Since its introduction via the original transformer paper “Attention is all you need”, self-attention has become the corner stone of many state-of-the-art deep learning models, specially in the field of NLP. Self-attention mechanisms enable models to weigh different parts of input data differently, focusing on the most relevant information while performing a task. This mimics the human ability to selectively pay attention to certain aspects of our surroundings while filtering out distractions. Attention mechanisms have been instrumental in improving the performance of various AI models, particularly in sequence-to-sequence tasks.

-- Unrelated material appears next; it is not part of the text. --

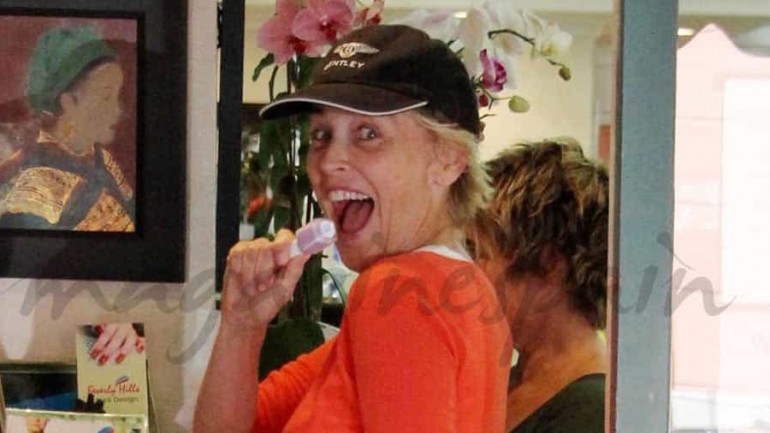 Sharon Stone luce una espléndida y juvenil figura a los 56 años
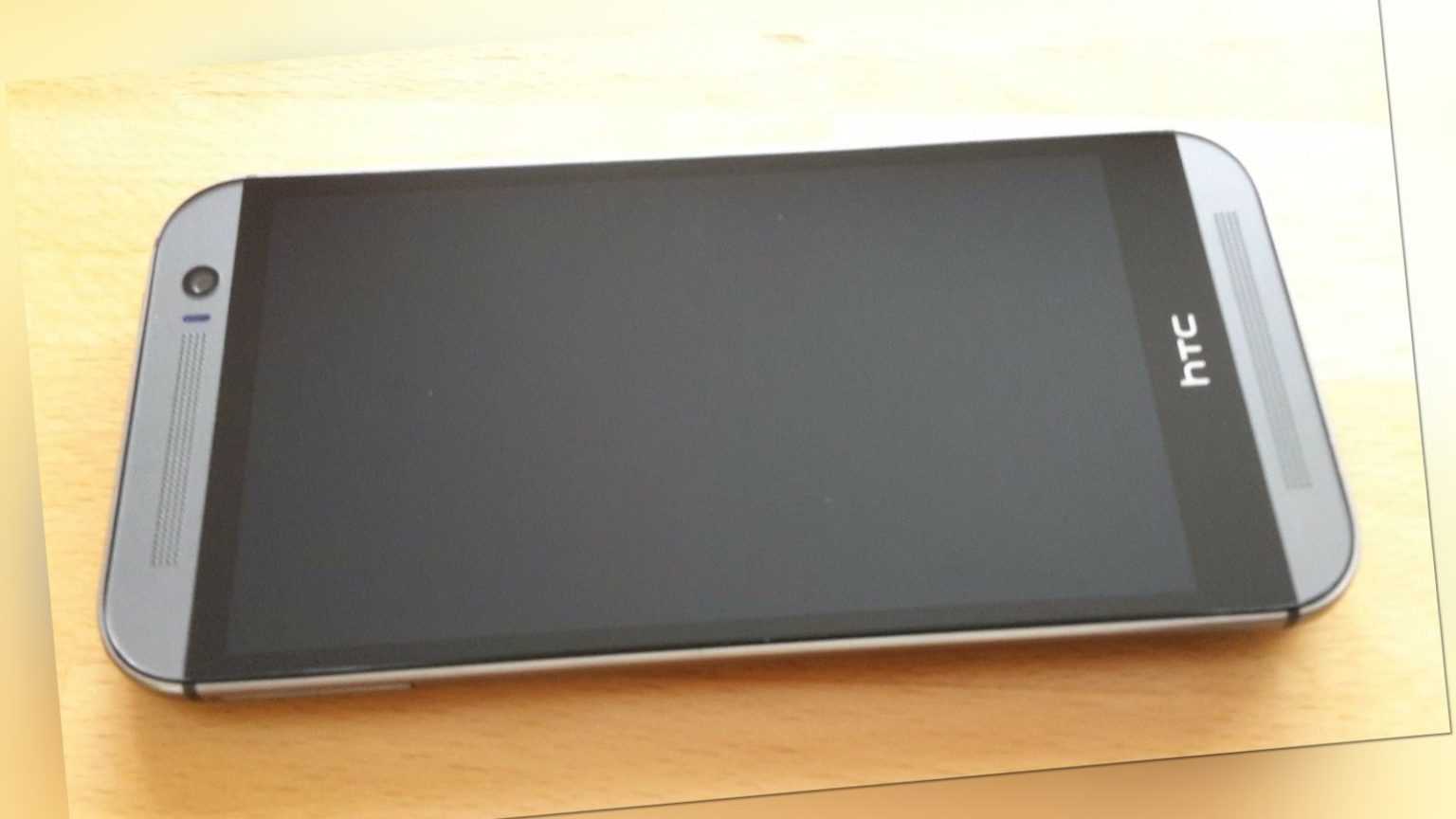 HTC One M8 32GB > in 3 Farben / simlockfrei / neuwertig / mit Folie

In a transformer architecture, “query”, “key” and “value” are the fundamental components used for calculating the self-attention. In simple terms, suppose we have a book related to animals; query represents the question that one might have such as “what is the largest mammal on earth?”. Similarly, key represents the index or table of content in the book and value represents the actual answer that we obtain from the book, in this case “blue whale”. In technical terms;. Query: A query is a matrix that represents the current token of request in the input sequence. Each word in the sequence has an associated query vector. 2. Key: A key is also a matrix that represents the content or identity of each token. 3. Value: A value is the actual information of each token that can be passed along.

For each token in the input sequence; the self-attention model computes query vector from it, computes key and value vectors from every token in the sequence, calculates attention score by taking dot product of query and each key, applies softmax and finally computes the output as the weighted sum of the value vectors.

Mathematics of self-attention

Learnable Projections

Three trainable weight matrices, transform ( X ) into queries ( Q ), keys ( K ), and values ( V ):

\[Q = X \cdot W^Q, \quad W^Q \in \mathbb{R}^{d \times d_k}\]

\[K = X \cdot W^K, \quad W^K \in \mathbb{R}^{d \times d_k}\]

\[V = X \cdot W^V, \quad W^V \in \mathbb{R}^{d \times d_v}\]

Where: - \(( d_k )\): dimension of queries/keys - \(( d_v )\): dimension of values

Scaled Dot-Product Attention

Step 1: Compute Attention Scores

Compute all pairwise “compatibility” scores between queries and keys \[scores_{i,j} = Q_i \cdot K_j^T \in \mathbb{R}^{n \times n}\]

Step 2: Scale Scores

Because the magnitude of dot products grows with dimension \({d_k}\), we divide by \({\sqrt{d_k}}\): \[scaled_scores_{i,j} = \frac{scores_{i,j}}{\sqrt{d_k}}\]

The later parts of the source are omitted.